Shortly after her retirement from the stage, Verdy returned to France to lead the Paris Opera Ballet for three tumultuous years from 1977 to 1980. It was a difficult time: She was overwhelmed by the politics of leading a large, state-run company, the difficult negotiations with unions, the administrative responsibilities, the need to make ruthless decisions about casting and dancers’ careers. Then, after a change of leadership at the Opera, she was replaced. From there, she went to direct the Boston Ballet. Again, there were problems, particularly the constant need to raise funds that kept her from the place she wanted to be: in the studio with the dancers. She lasted four years. “I discovered that it wasn’t for me to be a director,” Verdy told me. “I’m not made to be the number one of anything. I’m a very good number two, and if I have to be number three, I might not even protest, if I’m working hard enough. I’m interested in a form of humanity that you cannot have when you are a director.”

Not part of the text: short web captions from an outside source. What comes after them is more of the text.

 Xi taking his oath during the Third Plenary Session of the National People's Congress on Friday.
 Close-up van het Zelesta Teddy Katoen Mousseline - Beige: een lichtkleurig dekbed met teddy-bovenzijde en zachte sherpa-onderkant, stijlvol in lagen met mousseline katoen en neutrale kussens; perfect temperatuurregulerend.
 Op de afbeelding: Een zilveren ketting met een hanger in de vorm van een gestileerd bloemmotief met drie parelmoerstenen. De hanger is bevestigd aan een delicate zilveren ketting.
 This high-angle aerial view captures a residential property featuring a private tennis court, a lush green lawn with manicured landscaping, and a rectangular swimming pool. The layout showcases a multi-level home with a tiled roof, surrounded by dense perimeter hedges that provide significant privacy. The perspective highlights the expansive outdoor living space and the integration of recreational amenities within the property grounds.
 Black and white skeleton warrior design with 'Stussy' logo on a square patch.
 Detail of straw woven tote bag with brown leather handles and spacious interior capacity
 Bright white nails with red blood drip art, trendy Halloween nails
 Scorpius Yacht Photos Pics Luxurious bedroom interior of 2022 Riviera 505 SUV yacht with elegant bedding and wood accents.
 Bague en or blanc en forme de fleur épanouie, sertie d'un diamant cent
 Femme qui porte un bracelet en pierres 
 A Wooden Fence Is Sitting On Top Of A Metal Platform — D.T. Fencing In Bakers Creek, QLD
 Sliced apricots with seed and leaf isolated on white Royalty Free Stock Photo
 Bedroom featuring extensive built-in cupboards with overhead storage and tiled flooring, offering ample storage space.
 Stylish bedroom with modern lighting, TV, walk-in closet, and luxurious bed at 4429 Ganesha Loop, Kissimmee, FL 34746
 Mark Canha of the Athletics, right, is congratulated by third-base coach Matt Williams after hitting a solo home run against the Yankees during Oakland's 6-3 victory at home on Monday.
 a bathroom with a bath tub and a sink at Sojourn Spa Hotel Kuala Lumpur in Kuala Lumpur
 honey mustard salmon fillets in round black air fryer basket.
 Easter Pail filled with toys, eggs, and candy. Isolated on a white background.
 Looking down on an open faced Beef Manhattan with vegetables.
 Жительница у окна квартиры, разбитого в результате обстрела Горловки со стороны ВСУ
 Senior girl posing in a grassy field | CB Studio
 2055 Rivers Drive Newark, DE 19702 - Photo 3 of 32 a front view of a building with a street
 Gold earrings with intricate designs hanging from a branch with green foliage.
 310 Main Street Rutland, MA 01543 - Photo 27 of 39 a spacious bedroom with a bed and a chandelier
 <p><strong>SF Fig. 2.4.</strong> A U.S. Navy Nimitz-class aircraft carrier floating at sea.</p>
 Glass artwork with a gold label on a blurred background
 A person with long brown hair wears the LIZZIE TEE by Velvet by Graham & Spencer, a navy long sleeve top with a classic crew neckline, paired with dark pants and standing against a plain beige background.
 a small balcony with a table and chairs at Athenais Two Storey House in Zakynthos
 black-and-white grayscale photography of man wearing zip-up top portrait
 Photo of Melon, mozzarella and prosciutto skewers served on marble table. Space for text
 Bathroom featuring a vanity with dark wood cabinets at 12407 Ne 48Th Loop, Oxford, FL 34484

Teaching suits her best. Since 1996, Verdy has been on the faculty of ballet studies at Indiana University, Bloomington, the only program of its size and importance at an American college. (Many students graduate with a combined degree in ballet and a field of academic study.) She still travels to coach dancers and to teach elsewhere in the United States and in Europe. Last winter, I watched her gently put a class of 16- to 18-year-olds through its paces at the School of American Ballet, the training program associated with New York City Ballet. Verdy has a knack for finding just the right words with which to cajole a young dancer toward a fuller understanding—and thus execution—of a step. (“It’s like a horse who’s having a very good time!” she said to one girl as she launched into a series of small, sprightly jumps.) “Her body fell into that way of moving, but she can articulate it in a very methodical way,” explains Kay Mazzo, the cochair of SAB. “It’s all very well-thought-out, with the energy and the musicality combined.” Verdy’s smiling voice encourages improvement for its own sake; it also reflects an undimmed love for the art of ballet. “She’s very playful,” says Mazzo, “and the students adore her.” Like the Advaita Vedanta school of Hinduism she has quietly practiced since the ’60s, ballet, for Verdy, is a spiritual pursuit: “I feel the obligation to make people consider that this is not just a physical activity, a physical technique, but that it points to something higher,” she told me. This belief bound her to Balanchine, in whom she intuited a similar idealism. “If you’re going to have a guru in the world,” she added, “Mr. B was it.”

Soon, Verdy thinks, she might like to teach less and devote more time to gathering materials for her memoirs. She’s not sure whether she will stay in Bloomington—she doesn’t drive—or return to her hometown of Pont-l’Abbé. Where does she belong? Verdy was married briefly, in the ’60s, to Colin Clark, a British filmmaker (and the author of My Week With Marilyn). It didn’t end well. She has no children. Ballet has been an all-consuming pursuit, leaving little space for family or anything else. “The family I have in Paris is not that much,” she reflected recently. “In Brittany, I have more, but they have complicated lives. So, in a way, I’m more or less by myself. I’m a bit of an odd number now.”